As she drew away from him, she was trembling and her face was white; but there was a look he had never imagined in her eyes and on her lips. For one moment it seemed that she meant to speak; and then her lips closed. She turned away from him and walked out of the room without a word.

CHAPTER XII

Hardly conscious of her movements, Clodagh left the card-room and passed down the corridor.

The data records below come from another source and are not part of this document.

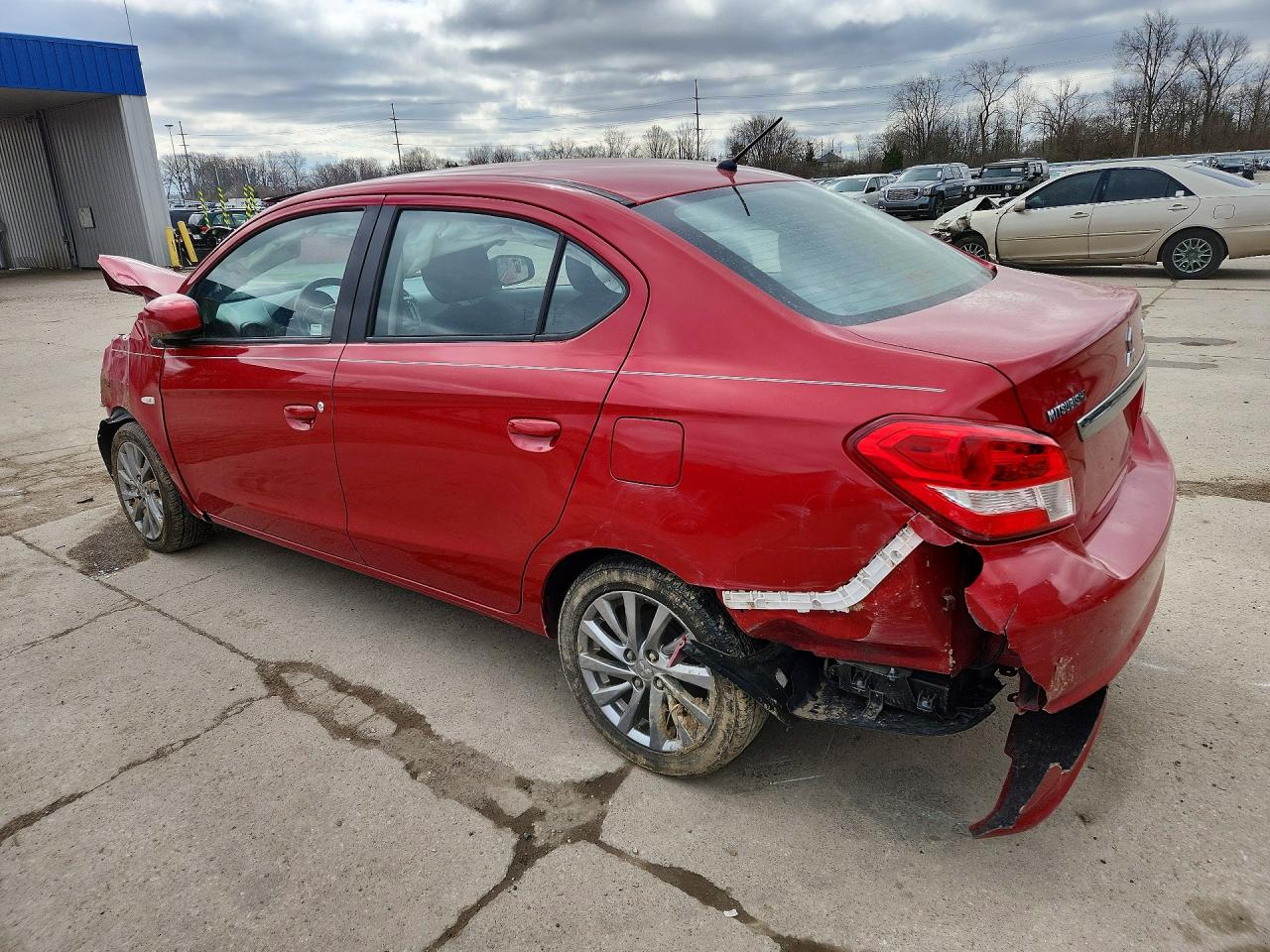 2018 MITSUBISHI MIRAGE G4 ES photo 2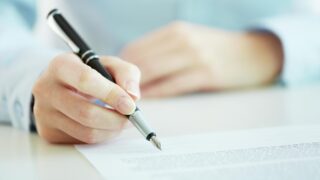 Должен помогать закону, а нарушал его: что натворил судебный исполнитель в Мангистау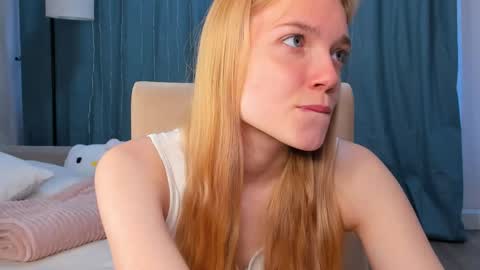 Snapshot of sonyalaviola chatting on May 9, 2026, 6:18 am Sofia online show from May 9, 2026, 6:18 am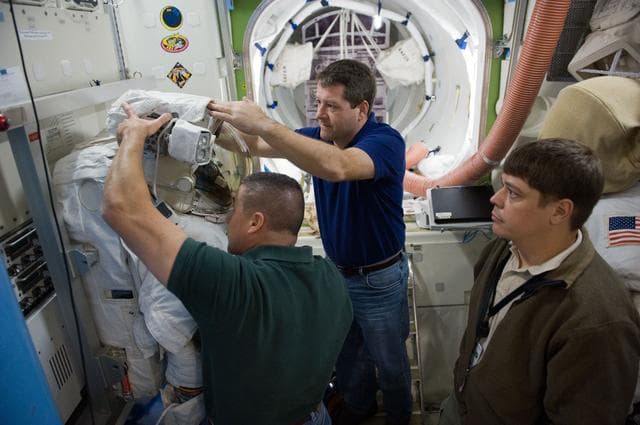 NASA image: STS-130 crew training during their ISS EVA P/P 33105 training in the SSMTF 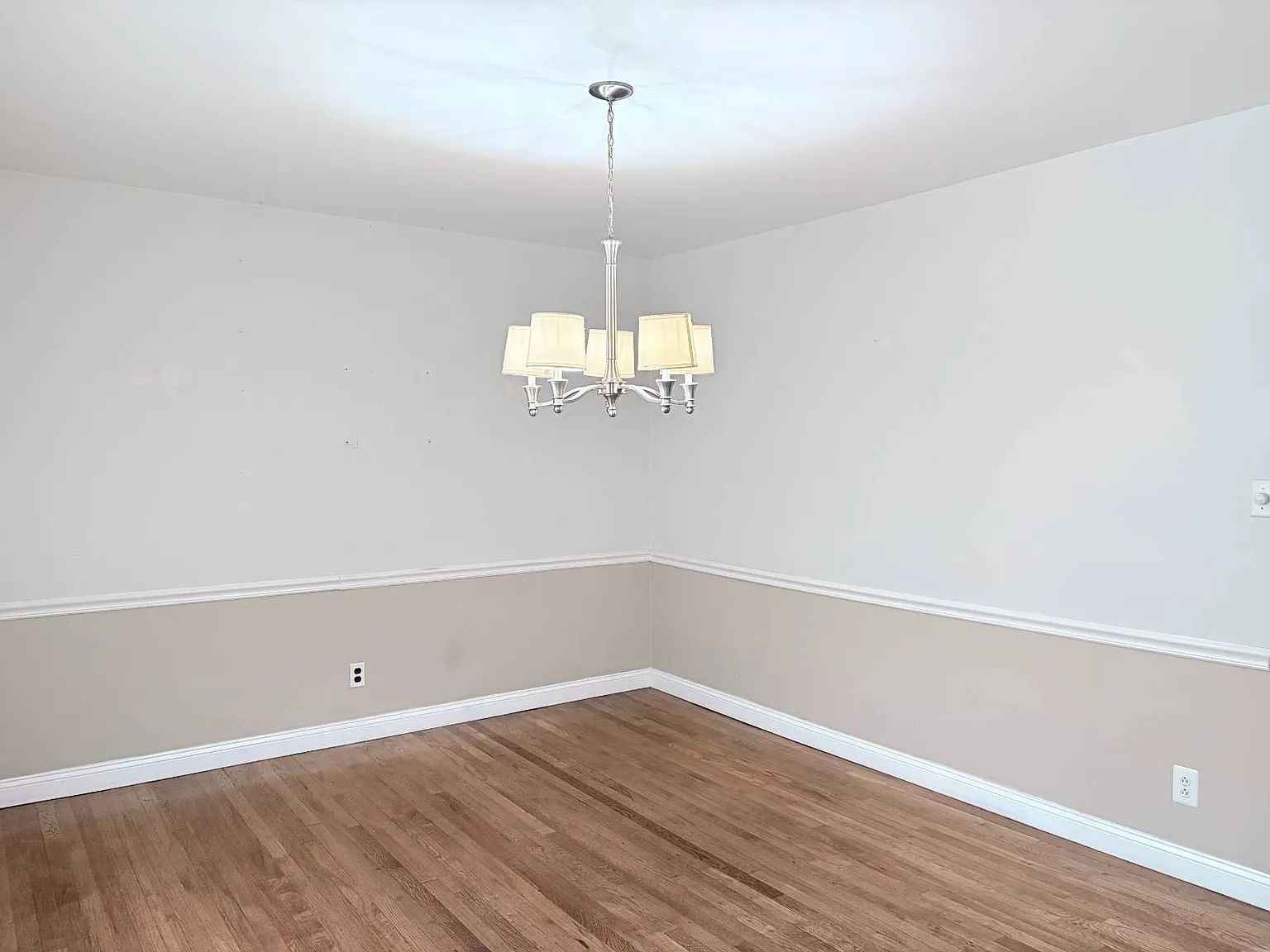 3 bed, 2.0 bath, 1386 sqft, $4,200 — Photo 2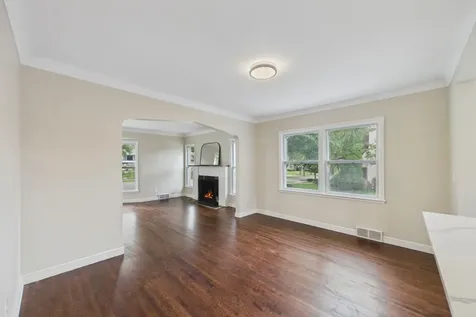 1599 Highland Parkway Saint Paul MN 55116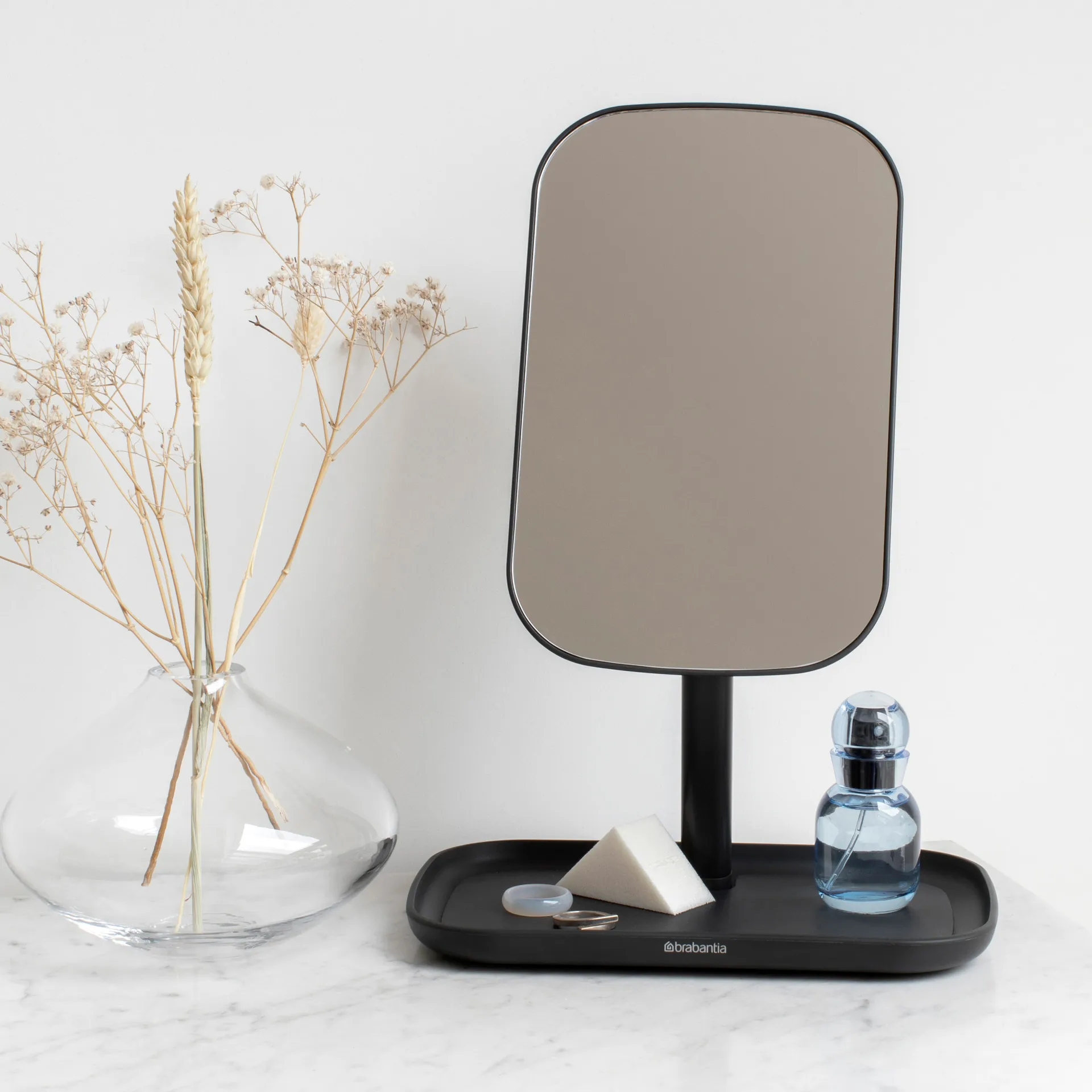 ReNew 带收纳托盘镜子, 深灰色 Brabantia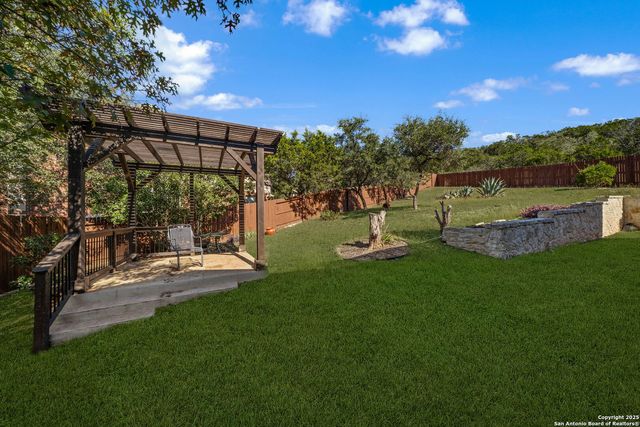 8603 Artesia Gap, Helotes, TX 78023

Her only tangible sensations were anger and self-contempt. The thought that Serracauld, who had seemed less than nothing in the scheme of her life—Serracauld, with whom she had laughed and jested and flirted because he was a boy and of no account—should have treated her lightly; should have presumed to kiss her, to seize her violently in his arms, was something shameful and intolerable. The simplicity of her upbringing—the uncontaminated childhood that her country had given her—rose to confront her in this newest crisis. Vain, frivolous, foolish she might be, but beneath the vanity, the frivolity, the folly, she was—and always had been—good, in the primitive, fundamental sense of the word.

She hurried down the corridor, and down the staircase that she had ascended so short a time before; but, reaching the ground floor, she did not turn towards the ballroom, from which the sound of the violins still floated. Instinctively, she moved in the opposite direction, towards the quieter portion of the house in which stood the music-room.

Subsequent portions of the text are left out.